### What to do
In the records below, find each line that holds "Sierra" and return it.

### Data
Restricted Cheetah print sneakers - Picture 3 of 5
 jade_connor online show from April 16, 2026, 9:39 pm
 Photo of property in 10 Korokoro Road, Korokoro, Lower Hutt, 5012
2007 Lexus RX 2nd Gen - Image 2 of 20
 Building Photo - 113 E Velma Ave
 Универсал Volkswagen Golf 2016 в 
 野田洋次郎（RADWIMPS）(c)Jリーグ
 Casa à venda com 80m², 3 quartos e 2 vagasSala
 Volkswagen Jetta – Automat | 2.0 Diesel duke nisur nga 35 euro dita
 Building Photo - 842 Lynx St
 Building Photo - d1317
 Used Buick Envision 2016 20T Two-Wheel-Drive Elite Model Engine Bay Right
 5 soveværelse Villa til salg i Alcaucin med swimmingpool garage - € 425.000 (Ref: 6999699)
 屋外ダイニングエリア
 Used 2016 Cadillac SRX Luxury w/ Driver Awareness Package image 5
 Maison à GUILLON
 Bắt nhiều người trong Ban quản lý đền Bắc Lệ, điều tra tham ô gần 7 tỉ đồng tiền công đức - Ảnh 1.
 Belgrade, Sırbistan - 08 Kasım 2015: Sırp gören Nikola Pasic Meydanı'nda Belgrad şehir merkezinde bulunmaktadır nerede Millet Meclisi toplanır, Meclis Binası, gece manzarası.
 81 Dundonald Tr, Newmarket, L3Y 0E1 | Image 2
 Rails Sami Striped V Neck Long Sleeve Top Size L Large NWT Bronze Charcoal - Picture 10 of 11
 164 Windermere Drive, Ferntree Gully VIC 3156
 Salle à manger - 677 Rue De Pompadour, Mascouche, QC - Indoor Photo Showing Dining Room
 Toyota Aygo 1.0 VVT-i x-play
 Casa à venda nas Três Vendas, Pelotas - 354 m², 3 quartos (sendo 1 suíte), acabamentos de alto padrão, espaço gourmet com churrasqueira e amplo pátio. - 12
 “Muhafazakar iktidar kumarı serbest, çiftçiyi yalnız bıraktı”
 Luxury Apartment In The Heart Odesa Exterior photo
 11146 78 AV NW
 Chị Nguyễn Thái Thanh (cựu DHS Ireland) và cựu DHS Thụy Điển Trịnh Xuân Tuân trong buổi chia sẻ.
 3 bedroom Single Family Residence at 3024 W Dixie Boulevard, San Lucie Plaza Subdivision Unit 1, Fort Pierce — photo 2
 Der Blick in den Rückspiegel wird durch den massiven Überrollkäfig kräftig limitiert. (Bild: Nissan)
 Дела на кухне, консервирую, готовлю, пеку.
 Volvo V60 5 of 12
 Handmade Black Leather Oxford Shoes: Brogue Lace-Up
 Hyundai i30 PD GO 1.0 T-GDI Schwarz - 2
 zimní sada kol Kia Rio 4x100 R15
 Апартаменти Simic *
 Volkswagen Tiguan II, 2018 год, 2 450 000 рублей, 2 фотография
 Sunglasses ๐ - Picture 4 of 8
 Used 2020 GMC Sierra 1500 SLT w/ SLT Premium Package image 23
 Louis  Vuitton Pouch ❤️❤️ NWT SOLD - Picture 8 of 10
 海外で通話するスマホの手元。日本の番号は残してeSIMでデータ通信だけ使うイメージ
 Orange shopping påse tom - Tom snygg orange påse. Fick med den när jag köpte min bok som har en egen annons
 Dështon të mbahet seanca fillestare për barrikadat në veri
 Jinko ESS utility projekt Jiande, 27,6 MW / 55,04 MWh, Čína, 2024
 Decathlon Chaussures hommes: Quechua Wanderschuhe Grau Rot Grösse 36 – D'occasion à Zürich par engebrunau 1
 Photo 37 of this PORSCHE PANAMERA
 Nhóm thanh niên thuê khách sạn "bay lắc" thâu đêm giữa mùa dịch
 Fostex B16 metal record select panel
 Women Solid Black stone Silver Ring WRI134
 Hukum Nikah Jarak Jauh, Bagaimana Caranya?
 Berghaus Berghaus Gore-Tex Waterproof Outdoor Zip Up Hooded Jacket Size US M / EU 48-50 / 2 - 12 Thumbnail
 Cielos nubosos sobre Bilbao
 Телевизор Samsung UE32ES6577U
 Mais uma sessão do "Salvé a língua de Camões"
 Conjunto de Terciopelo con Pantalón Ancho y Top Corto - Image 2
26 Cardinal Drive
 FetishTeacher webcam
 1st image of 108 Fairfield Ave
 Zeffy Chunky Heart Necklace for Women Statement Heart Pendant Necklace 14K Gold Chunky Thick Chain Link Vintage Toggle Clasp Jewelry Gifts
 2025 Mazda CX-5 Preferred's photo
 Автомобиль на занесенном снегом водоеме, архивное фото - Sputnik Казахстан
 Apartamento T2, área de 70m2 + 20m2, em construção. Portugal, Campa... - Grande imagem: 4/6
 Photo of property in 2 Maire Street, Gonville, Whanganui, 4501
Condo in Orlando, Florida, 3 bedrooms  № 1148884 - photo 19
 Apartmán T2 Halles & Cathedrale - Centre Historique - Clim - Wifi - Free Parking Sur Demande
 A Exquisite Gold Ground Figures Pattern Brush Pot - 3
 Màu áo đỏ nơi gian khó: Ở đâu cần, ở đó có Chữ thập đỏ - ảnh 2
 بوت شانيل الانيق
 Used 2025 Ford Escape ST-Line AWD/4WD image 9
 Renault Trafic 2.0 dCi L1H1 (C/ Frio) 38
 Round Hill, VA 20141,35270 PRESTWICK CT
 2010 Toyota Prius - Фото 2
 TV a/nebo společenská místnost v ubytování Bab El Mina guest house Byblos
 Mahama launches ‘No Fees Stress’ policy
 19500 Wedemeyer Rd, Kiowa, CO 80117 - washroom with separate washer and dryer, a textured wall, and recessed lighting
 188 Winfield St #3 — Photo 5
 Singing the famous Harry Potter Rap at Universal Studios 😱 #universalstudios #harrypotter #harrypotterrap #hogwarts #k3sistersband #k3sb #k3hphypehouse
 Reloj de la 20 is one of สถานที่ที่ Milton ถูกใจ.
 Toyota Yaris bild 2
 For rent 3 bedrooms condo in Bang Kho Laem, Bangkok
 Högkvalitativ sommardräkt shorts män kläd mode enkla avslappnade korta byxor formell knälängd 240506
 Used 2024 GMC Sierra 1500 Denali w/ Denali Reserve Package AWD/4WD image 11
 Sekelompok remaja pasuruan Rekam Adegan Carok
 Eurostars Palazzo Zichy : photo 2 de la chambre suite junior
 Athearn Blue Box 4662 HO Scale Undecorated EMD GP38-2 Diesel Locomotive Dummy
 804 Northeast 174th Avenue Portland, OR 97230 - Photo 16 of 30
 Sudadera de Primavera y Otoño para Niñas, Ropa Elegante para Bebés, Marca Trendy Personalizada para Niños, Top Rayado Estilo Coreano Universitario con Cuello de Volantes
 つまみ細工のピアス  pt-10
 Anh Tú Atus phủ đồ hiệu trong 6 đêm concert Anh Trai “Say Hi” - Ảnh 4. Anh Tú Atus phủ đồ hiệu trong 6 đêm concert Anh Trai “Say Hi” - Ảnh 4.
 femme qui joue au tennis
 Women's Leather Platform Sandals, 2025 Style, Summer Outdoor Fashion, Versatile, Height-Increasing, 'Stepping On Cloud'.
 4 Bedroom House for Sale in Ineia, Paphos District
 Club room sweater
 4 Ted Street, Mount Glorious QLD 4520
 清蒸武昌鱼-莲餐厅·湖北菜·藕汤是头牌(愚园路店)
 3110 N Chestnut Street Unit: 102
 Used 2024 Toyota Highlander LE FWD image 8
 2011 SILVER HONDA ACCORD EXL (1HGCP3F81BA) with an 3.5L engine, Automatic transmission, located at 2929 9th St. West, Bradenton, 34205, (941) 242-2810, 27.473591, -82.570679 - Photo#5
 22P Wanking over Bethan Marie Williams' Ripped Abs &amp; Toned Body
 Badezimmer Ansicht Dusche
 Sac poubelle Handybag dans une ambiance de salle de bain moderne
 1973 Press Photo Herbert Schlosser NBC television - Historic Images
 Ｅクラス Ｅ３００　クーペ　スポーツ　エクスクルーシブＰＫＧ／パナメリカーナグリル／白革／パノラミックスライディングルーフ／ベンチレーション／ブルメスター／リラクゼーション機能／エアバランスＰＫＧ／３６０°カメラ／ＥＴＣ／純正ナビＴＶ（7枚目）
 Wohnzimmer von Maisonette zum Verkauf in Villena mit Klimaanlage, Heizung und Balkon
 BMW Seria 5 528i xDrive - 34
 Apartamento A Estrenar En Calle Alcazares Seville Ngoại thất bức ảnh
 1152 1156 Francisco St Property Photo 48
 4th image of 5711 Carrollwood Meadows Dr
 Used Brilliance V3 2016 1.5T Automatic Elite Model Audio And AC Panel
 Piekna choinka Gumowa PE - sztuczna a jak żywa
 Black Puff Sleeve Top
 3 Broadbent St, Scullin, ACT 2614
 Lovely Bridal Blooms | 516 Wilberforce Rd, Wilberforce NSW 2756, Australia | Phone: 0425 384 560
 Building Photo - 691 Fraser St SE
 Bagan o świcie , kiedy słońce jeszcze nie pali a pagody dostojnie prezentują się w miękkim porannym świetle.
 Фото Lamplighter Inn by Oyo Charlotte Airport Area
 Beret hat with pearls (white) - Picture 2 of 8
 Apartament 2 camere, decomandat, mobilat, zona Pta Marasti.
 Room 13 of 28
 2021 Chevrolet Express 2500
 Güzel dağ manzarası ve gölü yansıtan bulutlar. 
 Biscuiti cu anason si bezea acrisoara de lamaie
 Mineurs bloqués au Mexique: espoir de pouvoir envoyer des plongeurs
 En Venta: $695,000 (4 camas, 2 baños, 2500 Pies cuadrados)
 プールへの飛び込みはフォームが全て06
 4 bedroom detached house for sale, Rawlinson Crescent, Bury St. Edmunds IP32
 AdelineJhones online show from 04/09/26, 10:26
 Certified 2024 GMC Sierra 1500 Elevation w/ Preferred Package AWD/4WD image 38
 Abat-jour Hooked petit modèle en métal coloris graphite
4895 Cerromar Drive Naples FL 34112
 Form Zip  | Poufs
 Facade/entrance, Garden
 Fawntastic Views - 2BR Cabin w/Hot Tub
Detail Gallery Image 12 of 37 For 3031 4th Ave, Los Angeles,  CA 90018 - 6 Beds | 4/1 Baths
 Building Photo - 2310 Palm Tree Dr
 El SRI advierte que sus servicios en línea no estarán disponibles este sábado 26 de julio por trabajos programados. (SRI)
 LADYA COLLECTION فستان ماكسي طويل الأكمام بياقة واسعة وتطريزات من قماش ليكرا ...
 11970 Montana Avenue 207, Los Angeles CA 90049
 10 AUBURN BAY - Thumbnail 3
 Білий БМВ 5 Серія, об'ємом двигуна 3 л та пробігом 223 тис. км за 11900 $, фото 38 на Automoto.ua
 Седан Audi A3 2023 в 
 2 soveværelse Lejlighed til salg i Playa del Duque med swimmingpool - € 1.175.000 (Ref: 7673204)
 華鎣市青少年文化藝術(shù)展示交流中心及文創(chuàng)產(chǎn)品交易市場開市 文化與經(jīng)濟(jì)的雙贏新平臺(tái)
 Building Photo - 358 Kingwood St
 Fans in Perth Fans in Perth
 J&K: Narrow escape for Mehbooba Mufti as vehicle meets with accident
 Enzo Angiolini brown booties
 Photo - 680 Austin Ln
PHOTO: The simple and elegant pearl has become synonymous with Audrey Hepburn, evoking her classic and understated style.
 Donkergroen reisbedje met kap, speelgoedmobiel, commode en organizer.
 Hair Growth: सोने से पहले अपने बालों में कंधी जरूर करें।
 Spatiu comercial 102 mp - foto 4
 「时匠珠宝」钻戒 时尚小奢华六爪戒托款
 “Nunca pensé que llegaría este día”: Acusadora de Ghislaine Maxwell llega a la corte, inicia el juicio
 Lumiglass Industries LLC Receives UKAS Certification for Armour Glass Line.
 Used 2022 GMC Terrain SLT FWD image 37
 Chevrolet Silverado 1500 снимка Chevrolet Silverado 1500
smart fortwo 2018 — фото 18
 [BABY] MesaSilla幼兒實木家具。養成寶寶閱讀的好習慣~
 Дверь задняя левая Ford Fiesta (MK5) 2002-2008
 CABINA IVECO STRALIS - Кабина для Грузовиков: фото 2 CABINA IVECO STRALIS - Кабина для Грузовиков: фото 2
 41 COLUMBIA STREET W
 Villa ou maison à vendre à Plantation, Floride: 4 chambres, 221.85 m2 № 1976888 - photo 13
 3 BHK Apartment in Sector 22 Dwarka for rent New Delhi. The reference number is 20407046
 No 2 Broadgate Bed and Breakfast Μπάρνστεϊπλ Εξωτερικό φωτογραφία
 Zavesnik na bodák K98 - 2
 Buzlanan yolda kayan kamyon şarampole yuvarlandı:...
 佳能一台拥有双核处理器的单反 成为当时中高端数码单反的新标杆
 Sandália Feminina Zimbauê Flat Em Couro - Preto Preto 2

### Answer
 Used 2020 GMC Sierra 1500 SLT w/ SLT Premium Package image 23
 Used 2024 GMC Sierra 1500 Denali w/ Denali Reserve Package AWD/4WD image 11
 Certified 2024 GMC Sierra 1500 Elevation w/ Preferred Package AWD/4WD image 38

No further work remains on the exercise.